=== Section Start ===

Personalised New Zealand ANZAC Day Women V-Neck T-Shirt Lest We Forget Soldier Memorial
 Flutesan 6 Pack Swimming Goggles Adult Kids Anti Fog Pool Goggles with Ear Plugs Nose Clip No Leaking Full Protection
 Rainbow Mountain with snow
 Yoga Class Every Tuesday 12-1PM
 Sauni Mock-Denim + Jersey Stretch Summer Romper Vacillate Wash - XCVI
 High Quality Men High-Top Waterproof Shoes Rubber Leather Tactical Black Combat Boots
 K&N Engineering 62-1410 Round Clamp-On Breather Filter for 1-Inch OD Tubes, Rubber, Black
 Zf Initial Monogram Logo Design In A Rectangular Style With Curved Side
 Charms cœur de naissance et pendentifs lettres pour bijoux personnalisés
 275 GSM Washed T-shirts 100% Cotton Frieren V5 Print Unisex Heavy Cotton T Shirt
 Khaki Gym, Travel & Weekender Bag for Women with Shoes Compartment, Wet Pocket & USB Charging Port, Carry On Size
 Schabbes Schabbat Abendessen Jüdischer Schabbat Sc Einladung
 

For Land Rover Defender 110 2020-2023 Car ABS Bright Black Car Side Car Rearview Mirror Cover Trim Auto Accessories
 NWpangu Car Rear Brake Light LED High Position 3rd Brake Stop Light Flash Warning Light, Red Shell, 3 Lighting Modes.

=== Section End ===

Work item - Search the listing above for the lines with "Sauni Mock-Denim +" and "K&N Engineering 62-1410", then output those lines and all lines between them exactly.

The completed task -
 Sauni Mock-Denim + Jersey Stretch Summer Romper Vacillate Wash - XCVI
 High Quality Men High-Top Waterproof Shoes Rubber Leather Tactical Black Combat Boots
 K&N Engineering 62-1410 Round Clamp-On Breather Filter for 1-Inch OD Tubes, Rubber, Black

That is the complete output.